How about acknowledging that gas prices always go down at the end of the Summer.

Anonymous said...

I just saw this on the Bayrail Alliance website:

"Despite the timing of the lawsuit, we consider the litigation, the project itself (other than the Bay Area-Central Valley alignment) and the bond measure to be separate issues. We continue to support the High Speed Rail project and Proposition 1."

無名 - wu ming said...

the funny thing is that the people lauding the "cheap" $110 a barrel oil were the same people who told us over and over that there was no way oil would ever reach $100.

another point they may be unintentionally making: the current drop in oil prices is in part due to a decline in driving/flying and thus oil consumption driven by the high price of gas, as people use ... wait for it ... alternative modes of transportation.

thus, building a HSR alternative to long distance drives and short-haul flights may well help to bring down gas prices (or at least slow their ascent) in the medium term.

Spokker said...

So the price of gas goes back down to $3.50. Maybe even $3. People drive more. People get off the bus or train and back into their cars. People buy less fuel efficient cars. Oil consumption goes up.

Bam. We are right back to $4 a gallon gas and beyond.

Saying, "hay guyz, gas is down lol have fun with ur gay trains rofl *drives off*" is just a dumb argument.

Gas near my house is $3.86. Still riding on Metrolink.

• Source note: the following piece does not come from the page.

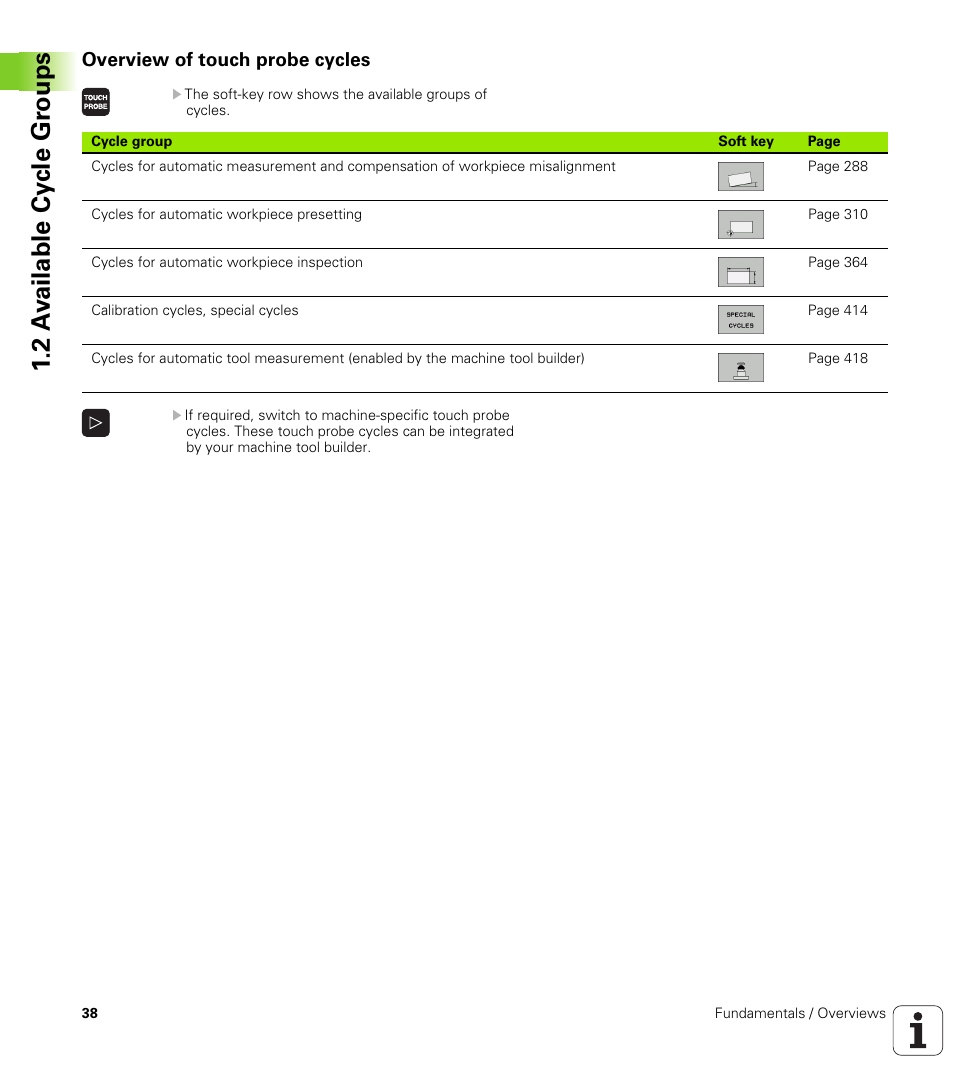 Overview of touch probe cycles, 2 a v ailable cy cle gr oups | HEIDENHAIN TNC 320 (340 55x-04) Cycle programming User Manual | Page 38 / 437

Though it is kind of irritating that fares went up because of the price of diesel but God forbid they lower the fares now that oil is back down for a little while...

Anonymous said...

(sorry was posted in the wrong thread)

Oil fell to its lowest price in three months Friday, briefly touching the $111 level after the dollar muscled higher and OPEC predicted the world's thirst for fuel next year will fall to its lowest point since 2002.
The article from AP, suggests that "
Oil fell to its lowest price in three months Friday, briefly touching the $111 level after the dollar muscled higher and OPEC predicted the world's thirst for fuel next year will fall to its lowest point since 2002."

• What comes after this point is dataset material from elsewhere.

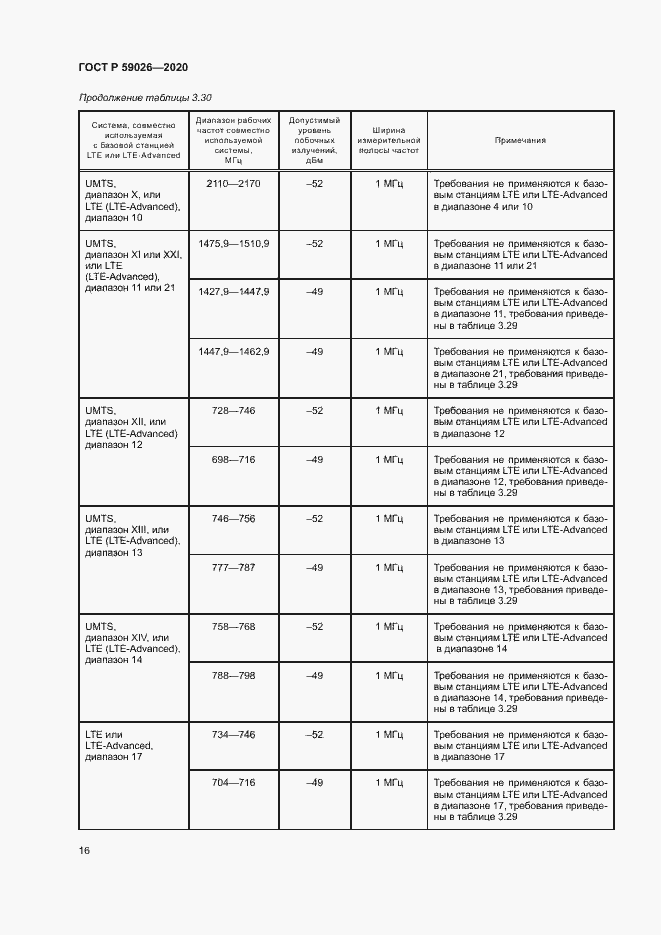 Страница 19 ГОСТ Р 59026-2020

So now in spite of what has been written here regarding always expanding needs for oil nad
constantly rising oil prices, we will be headed back 7 years in consumption.

You raise prices enough and the market reacts. By the time the project would ever get built,
autos coming off the line will be at 40 GPH and above. The project proposed savings in CO2 and less fossil fuels burning, will prove to be bogus. The state will be saddled with operating losses and debt service payments for generations to come.

The project has no merit. Its time to get the word out. Don't take what available funds can be had which would go to mitigate existing traffic and congestion, and spend
them on this ill conceived project.

Tony D. said...

These anon naysayers, "the price of oil is falling and this project sucks!," never cease to amaze me. Do country's with HSR have to put up with all this lack of vision BS? It seems with record profits and ridership, HSR is doing just fine in other parts of the world and would do just fine here. I just can't see some Frenchman or Spaniard making naysaying arguments against must be an American thing. By the way, go over to Bay Rail Alliance and read their pathetic defense of the NIMBY/"we didn't get Altamont!" lawsuit. I've already gave them a piece of my mind. Transit advocacy group?...what a joke!

Robert Cruickshank said...

As far as I can tell, anon is so desperate to kill trains that he's now becoming self-contradicting. If oil prices can only fall by reducing consumption, isn't that an argument FOR high speed rail? Because otherwise demand destruction cannot be sustained without massive economic damage. Without an alternative to driving and flying, people simply won't travel, and that will hurt the California economy quite seriously.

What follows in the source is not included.